In 1936 the Republican government declared that its aim was to establish in Spain a parliamentary system on the British model, though most of that Popular Front's supporters were entirely opposed to a parliamentary system. In 1976 a two chamber parliament, much like that in Britain, was endorsed by 94 per cent of the voters in a referendum, and the "socialist" government of Gonzalez in its four years of office has been running a policy rather like that of Thatcher, a “toughly Gladstonian economic policy", with "tight control of the money supply" (The Economist, 28 June 1986).
Just as the aim of the Popular Front in 1936 had nothing to do with socialism, the same is true of the Gonzalez government. (The Economist, in a nice choice of words describes its policy as "pale pinkery" and says it is socialist "in name only"). The Spanish "Socialist Party", like the British Labour Party, is concerned only with trying to show that it can run capitalism better than can its conservative opponents. Present day Spain has another resemblance to Britain. It has its equivalent of Northern Ireland in the violence accompanying the attempts of sections of the Basque population to set up an independent state.

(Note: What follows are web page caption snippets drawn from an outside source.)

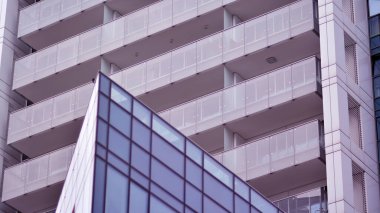 Yansıtıcı camlarla kaplı modern bir binanın cam kaplamalı dış cephesinin soyut yakın çekimi. Mimari soyut arkaplan. Cam duvar ve ön cephe ayrıntıları.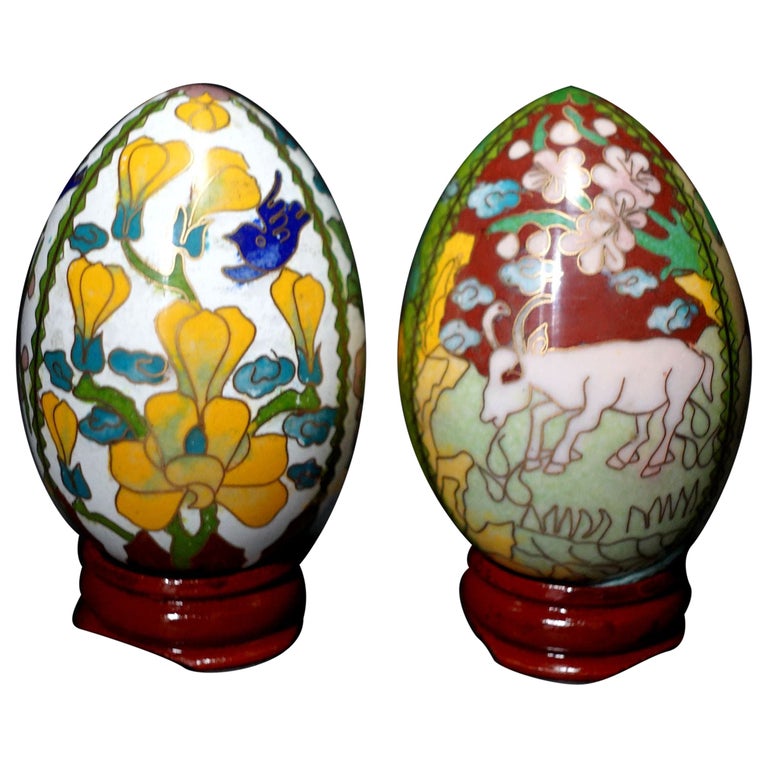 Two Chinese Cloisonné Enamel Eggs "Flowers and Animals" with Wood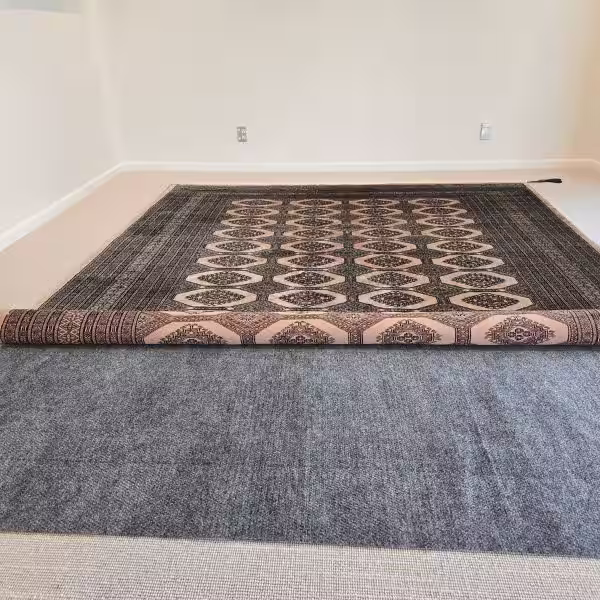 Anti-slip rug grip layer installed beneath a rug to reduce curling and movement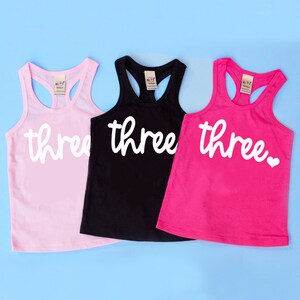 Puede incluir: Tres camisetas de tirantes en rosa, negro y rosa fuerte con la palabra "three" en letras blancas cursivas. La camiseta de tirantes rosa fuerte tiene un peque&ntilde;o coraz&oacute;n blanco despu&eacute;s de la palabra "three".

The Civil War, which cost 600.000 lives, ended with a Franco victory in March 1939. and the fascist dictatorship lasted until his death in 1975. In Britain, the civil war was largely presented in ideological terms of "democracy versus dictatorship", and “atheism versus religion", with supporters of both sides levelling charges of atrocities, but the reality was very different inside Spain. Franco was backed by the Catholic hierarchy and the big landowners but many of the poorer priests supported the Republican government, as did most of the air force and part of the army and navy. It was estimated in 1931 that more than half the land was owned by less than one per cent of the population, the Catholic church being the biggest landowner. It was not the Spanish capitalists who backed Franco. Avowedly capitalist political parties belonged to the Popular Front and although in 1936 the Spanish "Socialist" Party was the largest party in parliament, they were not represented in the government until six months after the war started.
The whole question was overshadowed by the rivalries of other powers, of Germany seeking a base in Spain which would give them control of the Mediterranean and Britain, France and Russia wanting to prevent it. Germany and Italy gave massive support to Franco, as did Russia to the Republicans. The German condition for giving support was an agreement giving them control of the rich Spanish iron ore deposits. The Russian government insisted on being paid for the aid it provided. In Britain most Labour and Liberal sympathy was with the Republicans. The Tory government maintained a policy of "non-intervention" but an influential section of the Tory Party favoured helping the Spanish government against the Franco rebellion. Thousands of volunteers from outside Spain fought for the Republicans and others for Franco.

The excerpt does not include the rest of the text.